**What is needed**
Starting with the line that holds "Vince Camuto Solid" and stopping after the line that holds "Kit Kat Pops Hazelnut 160g. Pouch Nestle", repeat the lines below word for word, without the pictures.

**Information**
------

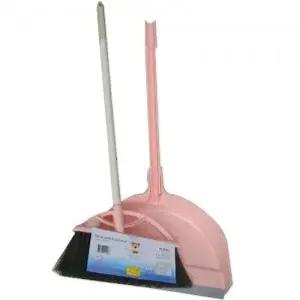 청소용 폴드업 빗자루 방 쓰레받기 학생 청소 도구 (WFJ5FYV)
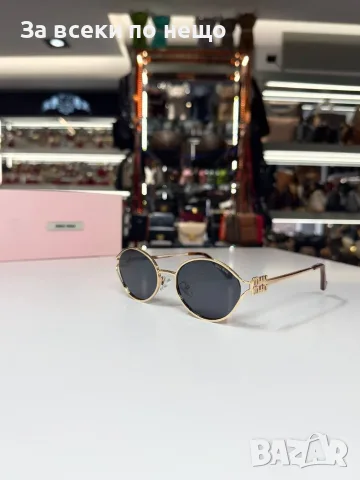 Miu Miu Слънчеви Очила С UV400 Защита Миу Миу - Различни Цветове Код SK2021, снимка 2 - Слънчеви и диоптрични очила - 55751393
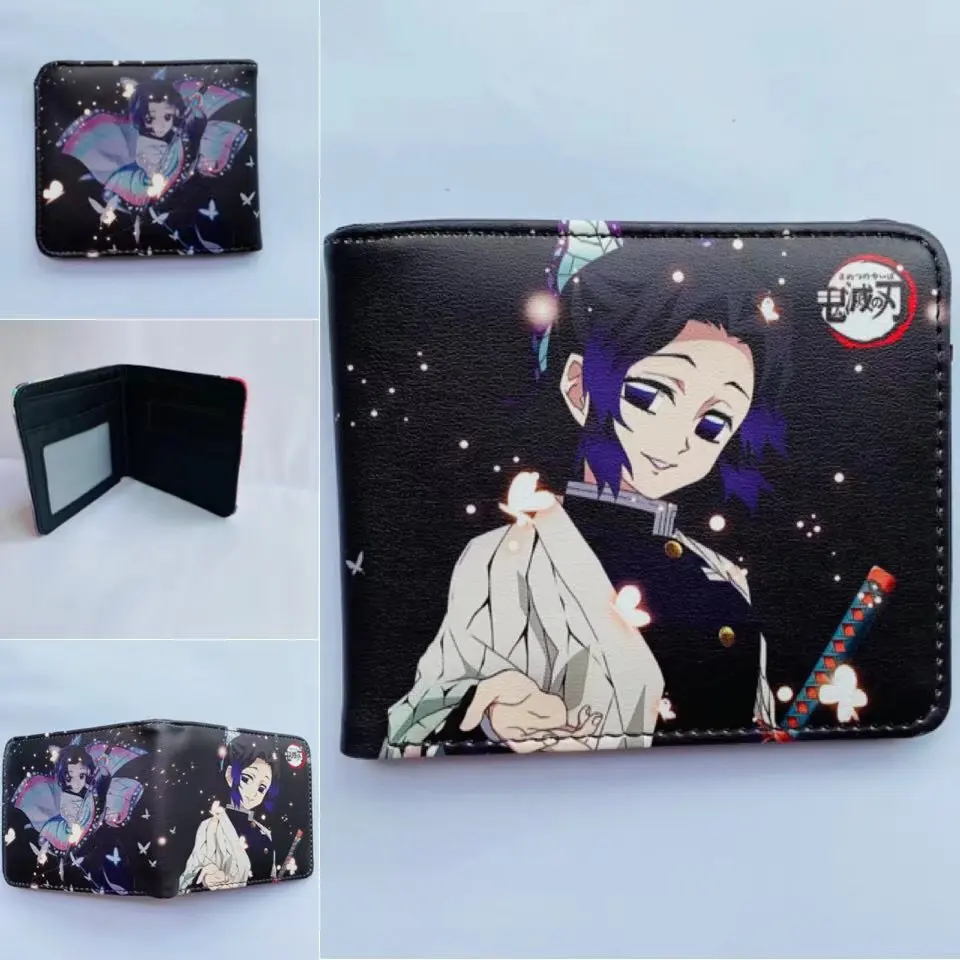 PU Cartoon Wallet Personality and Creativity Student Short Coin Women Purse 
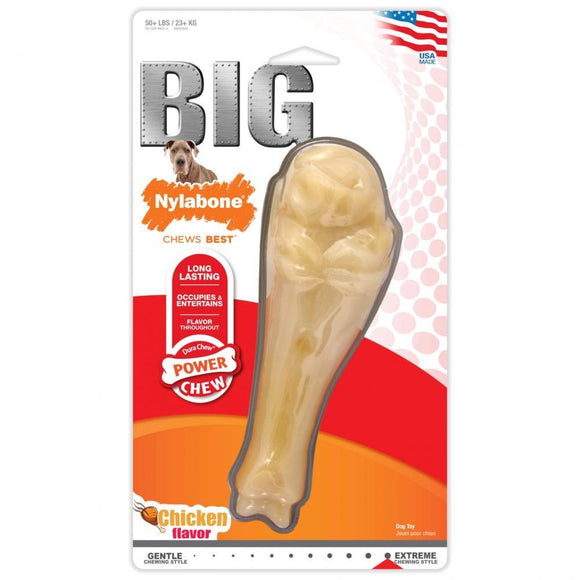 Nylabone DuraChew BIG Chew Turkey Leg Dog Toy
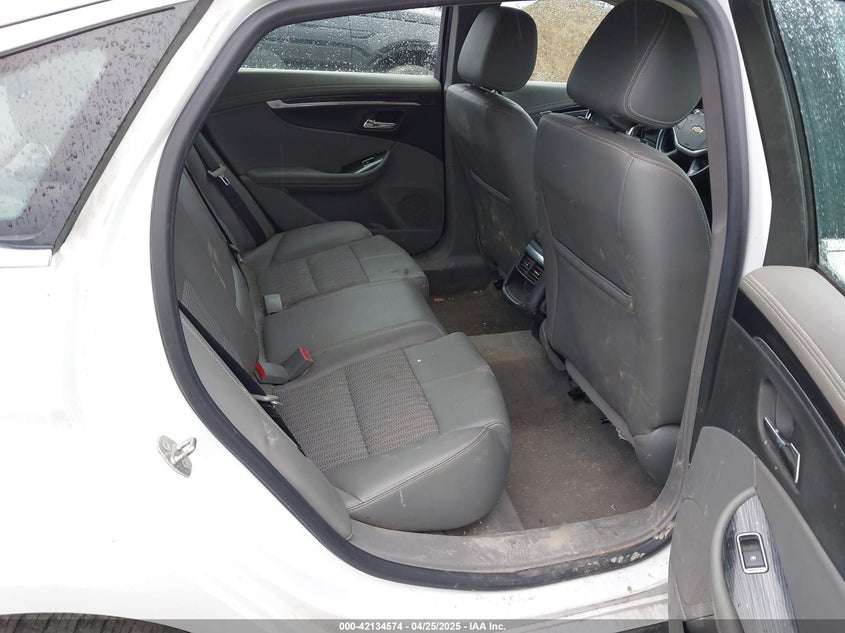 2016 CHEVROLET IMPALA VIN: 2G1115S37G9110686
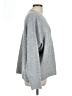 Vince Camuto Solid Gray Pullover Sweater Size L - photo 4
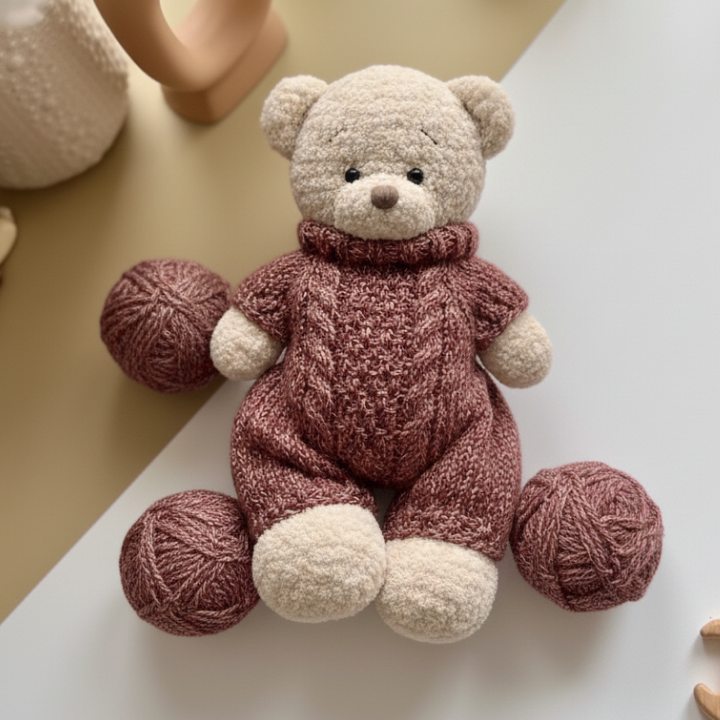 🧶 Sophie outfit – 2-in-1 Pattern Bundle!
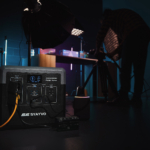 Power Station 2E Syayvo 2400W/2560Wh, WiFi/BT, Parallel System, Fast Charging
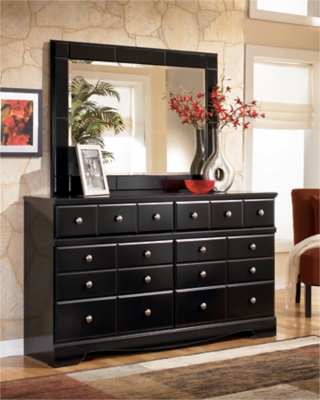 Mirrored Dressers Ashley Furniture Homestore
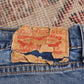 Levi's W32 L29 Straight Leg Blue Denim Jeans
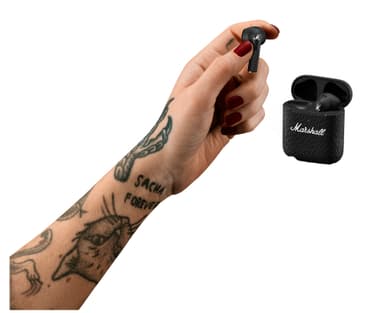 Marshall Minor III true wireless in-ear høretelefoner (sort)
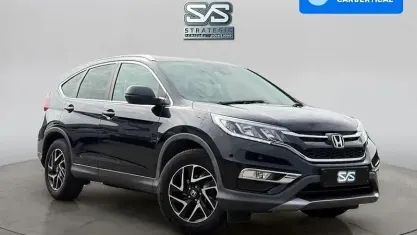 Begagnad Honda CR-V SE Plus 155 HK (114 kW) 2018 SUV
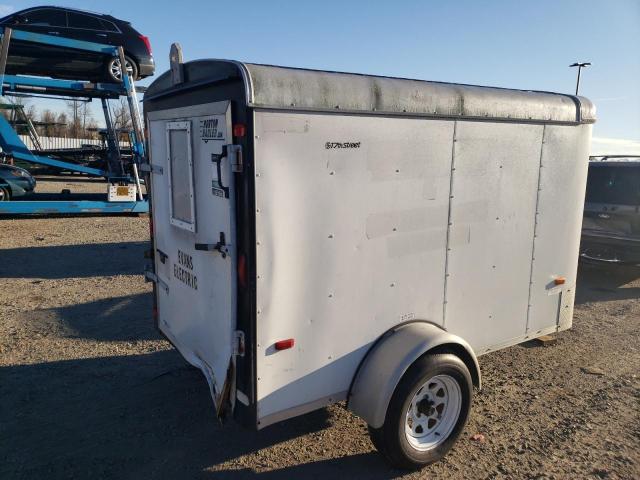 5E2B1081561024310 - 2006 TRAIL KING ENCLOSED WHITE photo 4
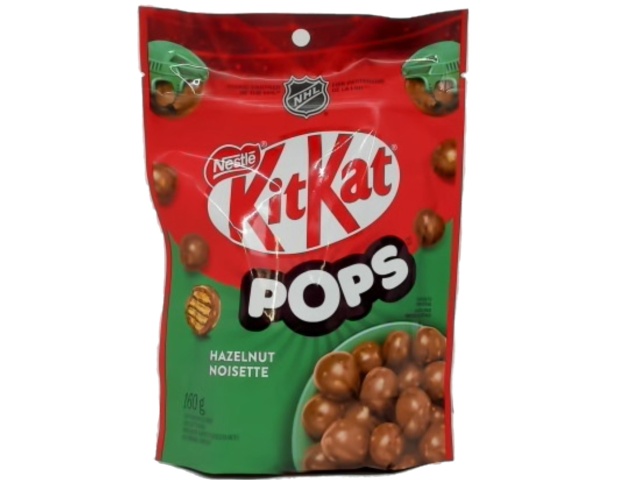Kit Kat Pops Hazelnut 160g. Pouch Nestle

------

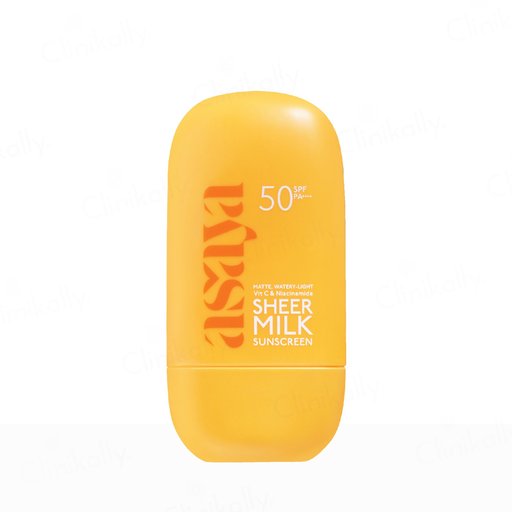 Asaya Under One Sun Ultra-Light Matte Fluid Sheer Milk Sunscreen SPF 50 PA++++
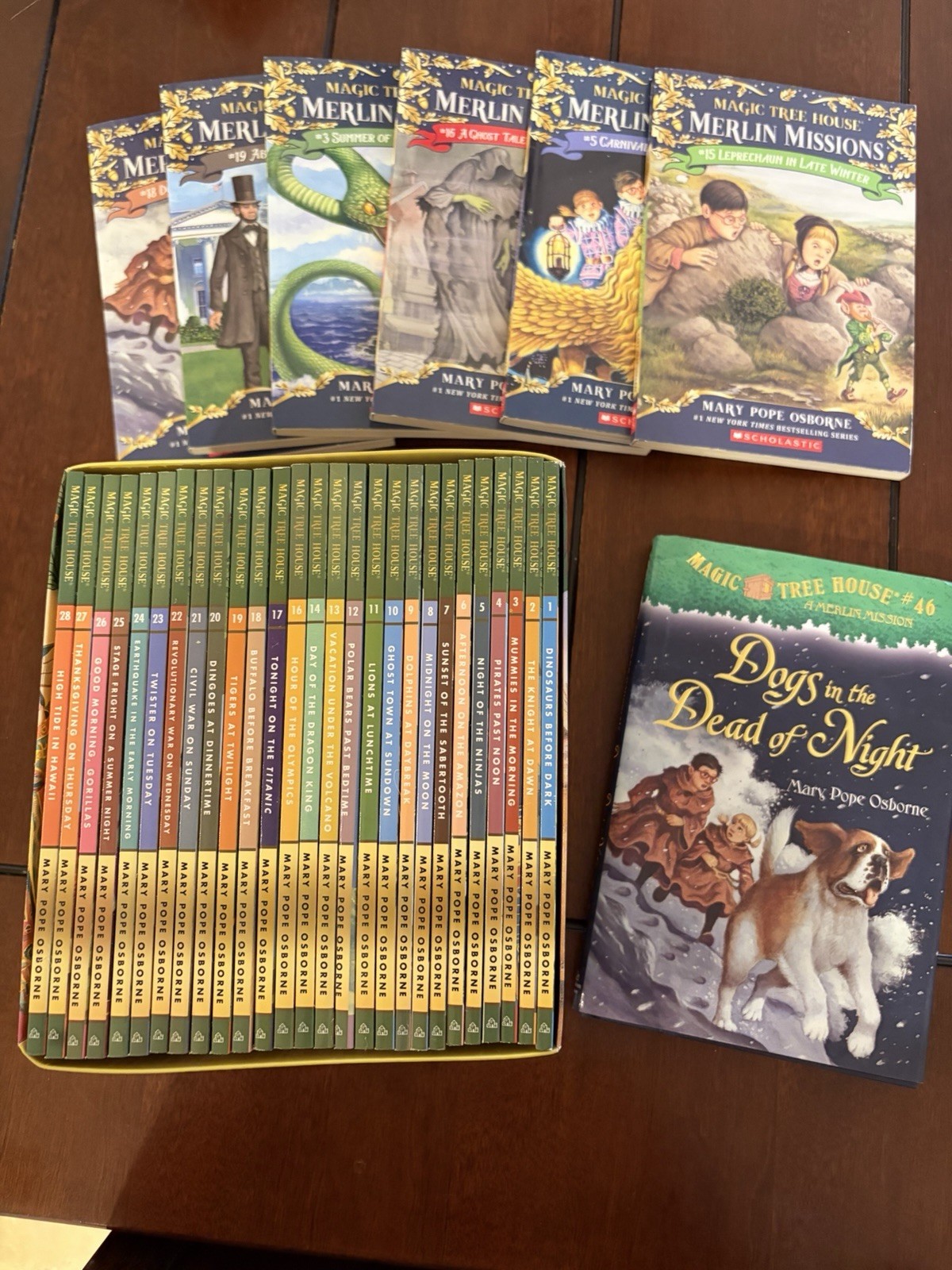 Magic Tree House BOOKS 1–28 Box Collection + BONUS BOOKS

------

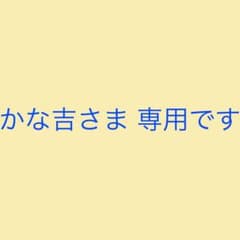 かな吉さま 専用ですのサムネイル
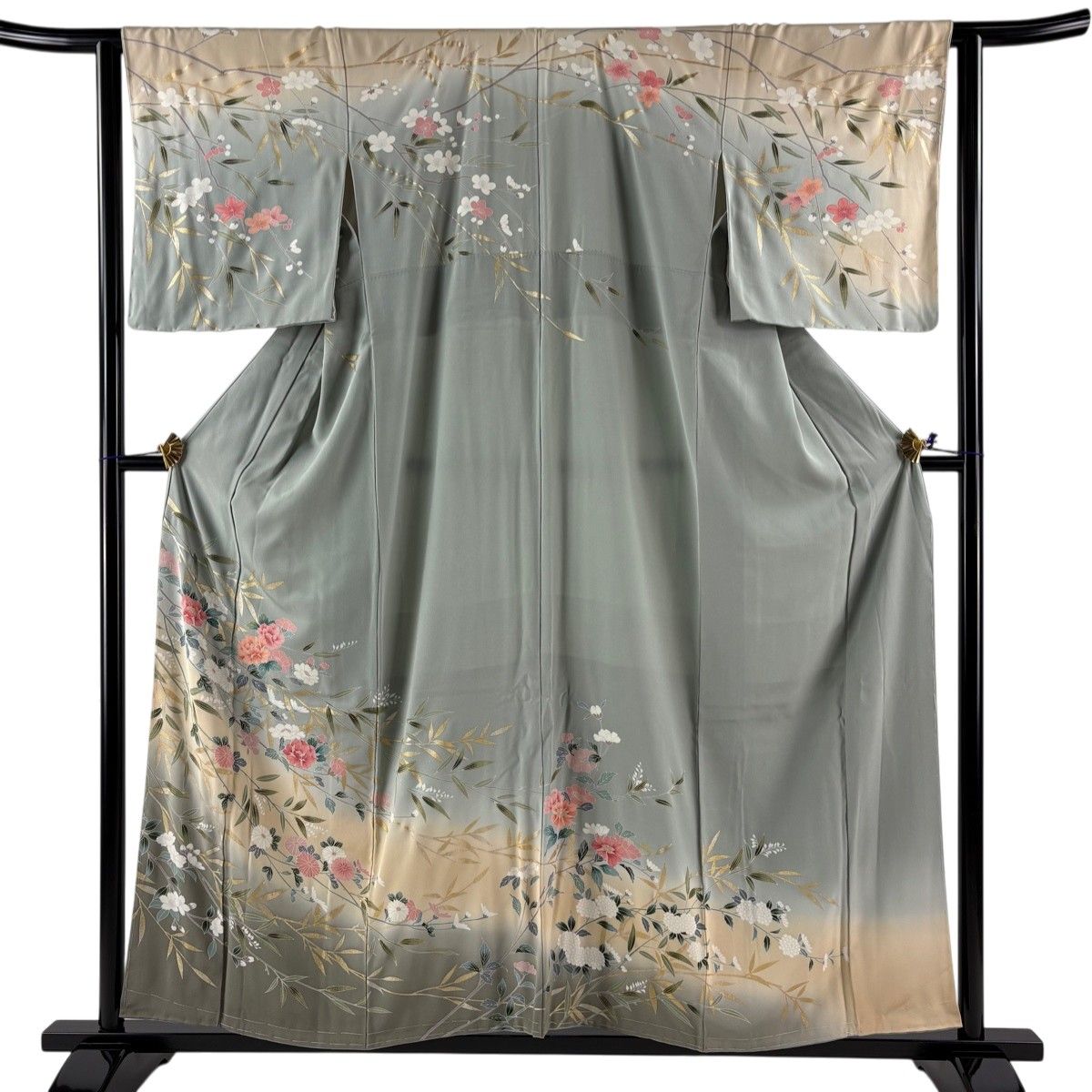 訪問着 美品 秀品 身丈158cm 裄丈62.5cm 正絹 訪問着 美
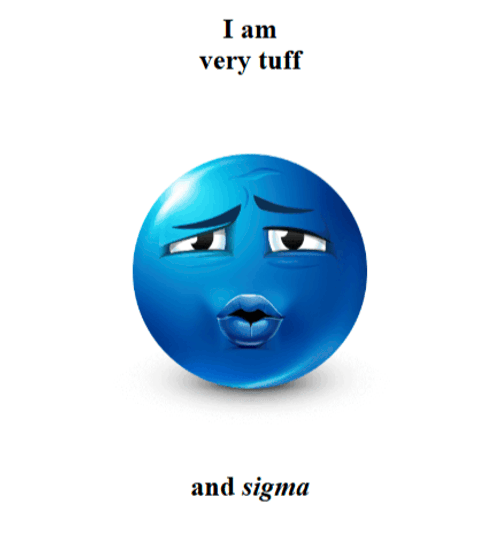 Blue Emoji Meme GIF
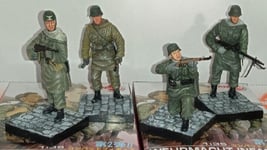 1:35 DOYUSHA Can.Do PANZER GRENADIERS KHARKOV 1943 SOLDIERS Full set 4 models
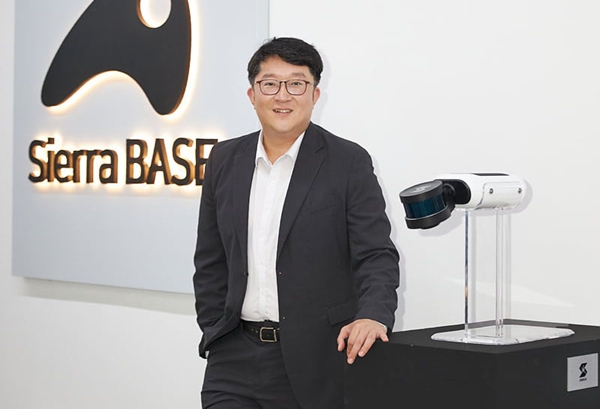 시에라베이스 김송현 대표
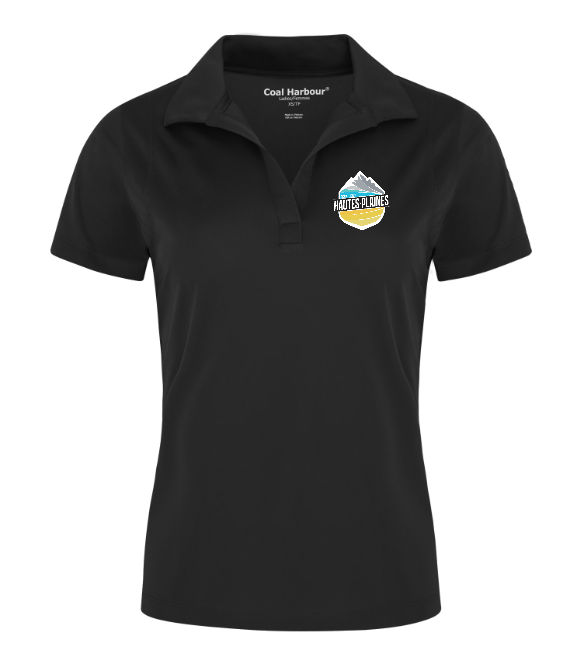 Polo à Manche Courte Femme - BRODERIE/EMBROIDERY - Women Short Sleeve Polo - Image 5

------

**Answer box**
 Vince Camuto Solid Gray Pullover Sweater Size L - photo 4
 🧶 Sophie outfit – 2-in-1 Pattern Bundle!
 Power Station 2E Syayvo 2400W/2560Wh, WiFi/BT, Parallel System, Fast Charging
 Mirrored Dressers Ashley Furniture Homestore
 Levi's W32 L29 Straight Leg Blue Denim Jeans
 Marshall Minor III true wireless in-ear høretelefoner (sort)
 Begagnad Honda CR-V SE Plus 155 HK (114 kW) 2018 SUV
 5E2B1081561024310 - 2006 TRAIL KING ENCLOSED WHITE photo 4
Kit Kat Pops Hazelnut 160g. Pouch Nestle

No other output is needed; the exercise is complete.